LONDON/FRANKFURT (Reuters) - U.S. banks Morgan Stanley MS.N and Citigroup C.N have identified many of the roles that will need to be moved from Britain following its exit from the European Union, sources involved in the processes told Reuters.
Morgan Stanley, which bases the bulk of its European staff in Britain, will have to move up to 1,000 jobs in sales and trading, risk management, legal and compliance, as well as slimming the back office in favour of locations overseas, according to one source.
Citigroup, which already has a large banking unit in Dublin, will need to shift 100 positions in its sales and trading business, sources with knowledge of the matter said.
Leading financial firms warned for months before last June’s Brexit referendum that they would have to move some jobs if there was a leave vote, and have been working on plans for how they would do so for the past six months.
More details are starting to emerge after Prime Minister Theresa May confirmed Britain would leave the European single market, ending banks’ hopes they might retain “passporting” rights that let them sell their services across the EU out of their London hubs.
A spokesman for Morgan Stanley said no decisions had been taken with regard to its Brexit plans.
“Our focus is on ensuring that we can continue to service our clients whatever the Brexit outcome,” he said. “To that end, we continue to evaluate what changes we may need to make to our business”.
A spokeswoman for Citi declined to comment.
Morgan Stanley currently bases the vast majority of its European staff in Britain, employing around 6,000 people there. It has relied on passporting out of London to service it clients elsewhere in the EU.
In order to continue certain businesses such as trading European securities it will need to shift those operations to a licensed entity in the regional bloc.
The source said that given the bank already had a trading licence in Frankfurt, it was likely to move most of these jobs there despite some of the city’s other drawbacks.
“We don’t like Frankfurt but that’s the only place to go,” the source said. “Culturally, it’s not a vibrant city”.
The source added that U.S. regulators were expected to discourage U.S. banks from moving to countries with a poor country credit rating such as Ireland and Spain.
James Gorman, chairman and chief executive of Morgan Stanley, told analysts this week that Brexit was “a moving chessboard”.
“We like the UK, we like the rule of law in the UK, [and] our aspiration is to keep as much of our business there as possible,” he said.
“But to the extent we have to comply with, obviously, the Brexit rules, we’ll be putting a headquarters somewhere in continental Europe and that will have some implications going forward”.
Investment banking roles, such as merger and acquisition bankers, are expected to be able to stay in London.
Citigroup, which has almost 60 percent of its European headcount based outside Britain, has a relative advantage over most other U.S. banks, given its Ireland banking outpost which is regulated by the European Central Bank.

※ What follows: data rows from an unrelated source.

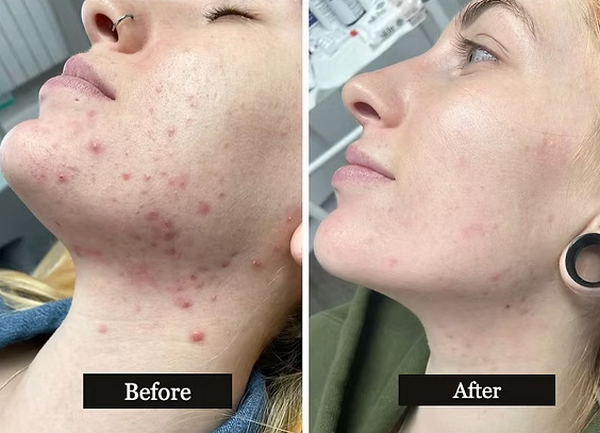 TCA peel là gì? Có tốt không? Những lưu ý an toàn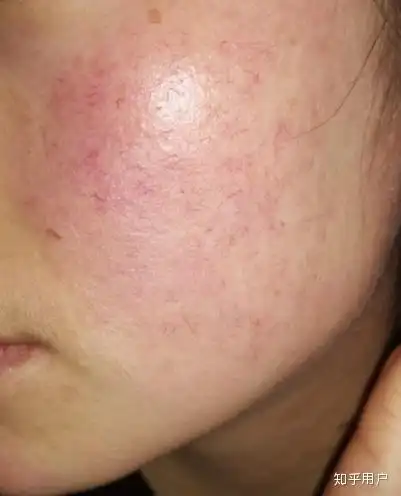 皮肤很不好,脸部角质层薄导致皮肤敏感,很难看,求大神指点?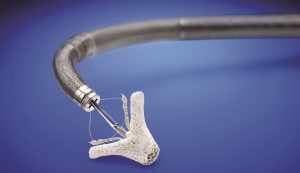 MitraClip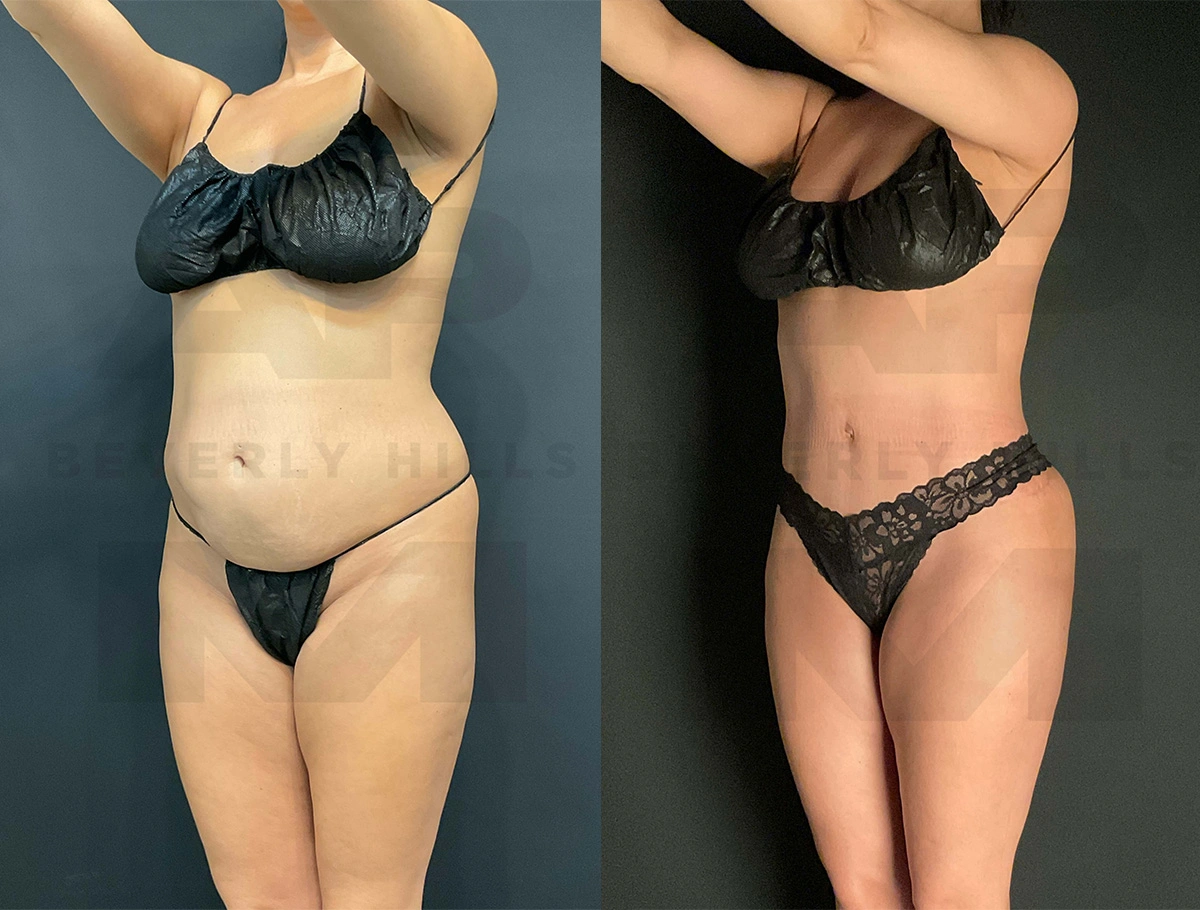 Real Patient Results of Dr. Andre P. Marshall providing Plastic Surgery services to his Beverly Hills & Los Angeles patients.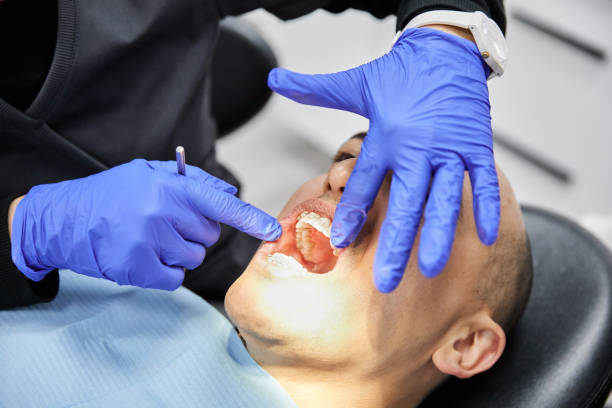 Best Emergency Dental Care for Sports Injuries in Ferriday, LA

However, it needs to bulk up sales and trading operations within the bloc and apply for the relevant licences to be able to continue trading with the rest of Europe if passporting rights are lost in a post-Brexit world.
Sources involved in its planning say the bank may have to move 100 or so people in its sales team because of that, though there has not yet been a decision on any location.
“Every business unit is currently discussing where to shift jobs, they won’t all go to one location,” one source said.